Most biomass used for energy today is in traditional forms (fuelwood, charcoal, agricultural residues) for cooking and heating by some 3 billion people worldwide (IEA 2017). Traditional biomass has high land and climate impacts, with significant harvesting losses, greenhouse gas (GHG) emissions, soil impacts and high conversion losses (Cutz et al. 2017b; Masera et al. 2015; Ghilardi et al. 2016a; Bailis et al. 2015; Fritsche et al. 2017b; Mudombi et al. 2018b). In addition to these impacts, indoor air pollution from household cooking is a leading cause of mortality in low- and medium-income countries and especially affects women and children (Smith et al. 2014a; HEI/IHME 2018; Goldemberg et al. 2018b). In rural areas, the significant time needed for gathering fuelwood imposes further costs on women and children (Njenga and Mendum 2018; Gurung and Oh 2013a; Behera et al. 2015a).

Both agricultural and woody biomass can be upgraded and used sustainably through improved resource management and modern conversion technologies, providing much greater energy output per unit of biomass (Cutz et al. 2017b; Hoffmann et al. 2015a; Gurung and Oh 2013b). More relevant than technical efficiency is the improved quality of energy services: with increasing income levels and/or access to technologies, households transition over time from agricultural residues and fuelwood to charcoal and then to gaseous or liquid fuels and electricity (Leach 1992; Pachauri and Jiang 2008; Goldemberg and Teixeira Coelho 2004; Smeets et al. 2012a). However, most households use multiple stoves and/or fuels at the same time, known as ‘fuel stacking’ for economic flexibility and also for socio-cultural reasons (Ruiz-Mercado and Masera 2015a; Cheng and Urpelainen 2014; Takama et al. 2012).

'''Urban and rural use of traditional biomass'''

In rural areas, fuelwood is often gathered at no cost to the user, and burned directly whereas, in urban areas, traditional biomass use may often involve semi-processed fuels, particularly in Sub-Saharan Africa where charcoal is the primary urban cooking fuel. Rapid urbanisation and/or commercialisation drives a shift from fuelwood to charcoal, which results in significantly higher wood use ( ''very high confidence'' ) due to losses in charcoal supply chains and the tendency to use whole trees for charcoal production (Santos et al. 2017; World Bank. 2009a; Hojas-Gascon et al. 2016a; Smeets et al. 2012b). One study in Myanmar found that charcoal required 23 times the land area of fuelwood (Win et al. 2018). In areas of woody biomass scarcity, animal dung and agricultural residues, as well as lower-quality wood, are often used (Kumar Nath et al. 2013a; Go et al. 2019a; Jagger and Kittner 2017; Behera et al. 2015b). The fraction of woody biomass harvested that is not ‘demonstrably renewable’ is the fraction of non-renewable biomass (fNRB) under UNFCCC accounting; default values for fNRB for least-developed countries and small island developing states ranged from 40–100% (CDM Executive Board 2012). Uncertainties in woodfuel data, complexities in spatiotemporal woodfuel modelling and rapid forest regrowth in some tropical regions present sources of variation in such estimates, and some fNRB values are likely to have been overestimated (McNicol et al. 2018a; Ghilardi et al. 2016b; Bailis et al. 2017b).
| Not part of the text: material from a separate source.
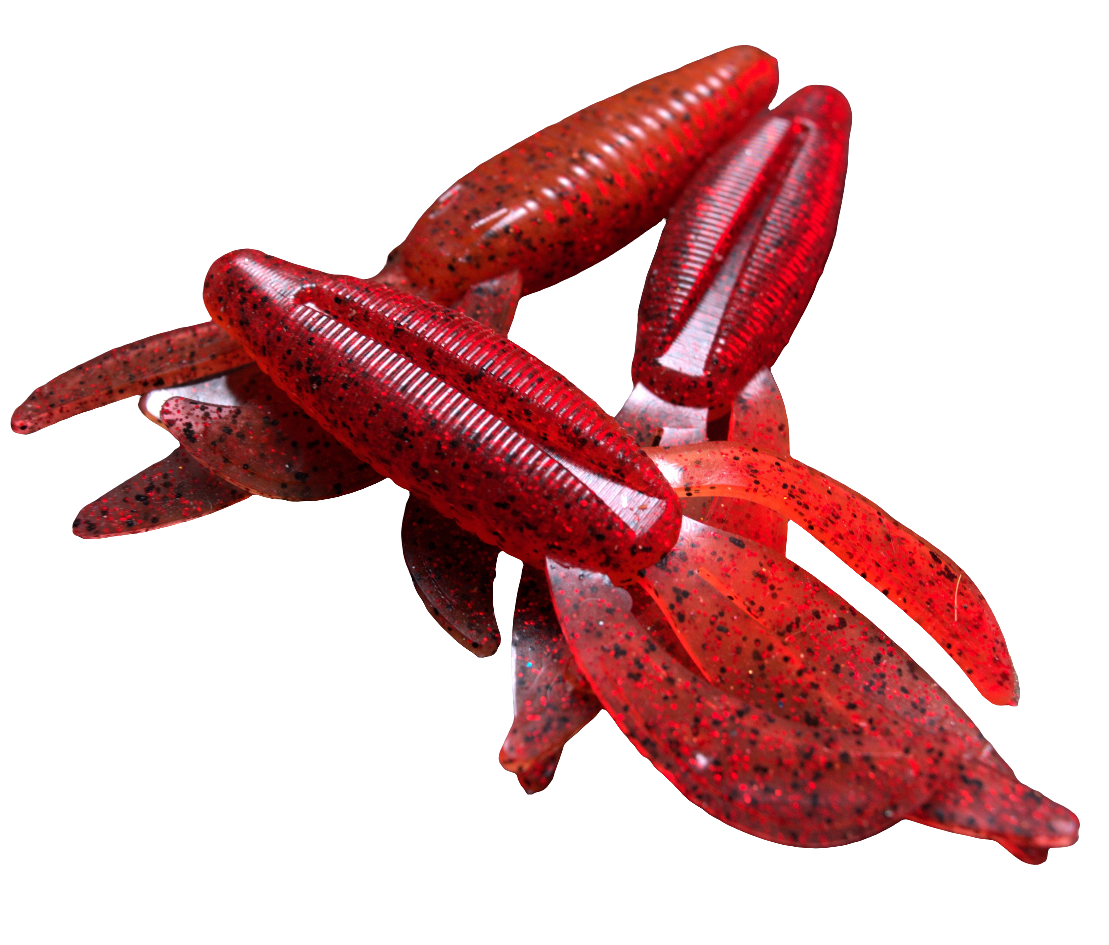 4" Lurecraft Rocket Creature Laminated Red/Orange Craw Color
'''GHG emissions and traditional biomass'''

Due to over-harvesting, incomplete combustion and the effects of short-lived climate pollutants, traditional woodfuels (fuelwood and charcoal) contribute 1.9–2.3% of global GHG emissions; non-renewable biomass is concentrated especially in ‘hotspot’ regions of East Africa and South Asia (Bailis et al. 2015). The estimate only includes woody biomass and does not account for possible losses in soil carbon or the effects of nutrient losses from use of animal dung, which can be significant in some cases (Duguma et al. 2014a; Achat et al. 2015a; Sánchez et al. 2016). Reducing emissions of black carbon alongside GHG reductions offers immediate health co-benefits (Shindell et al. 2012; Pandey et al. 2017; Weyant et al. 2019a; Sparrevik et al. 2015). Significant GHG emissions reductions, depending on baseline or reference use, can be obtained through fuel-switching to gaseous and liquid fuels, sustainable harvesting of woodfuels, upgrading to efficient stoves, and adopting high-quality processed fuels such as wood pellets ( ''medium evidence, high agreement'' ) (Wathore et al. 2017; Jagger and Das 2018; Quinn et al. 2018; Cutz et al. 2017b; Carter et al. 2018; Bailis et al. 2015; Ghilardi et al. 2018; Weyant et al. 2019b; Hoffmann et al. 2015b).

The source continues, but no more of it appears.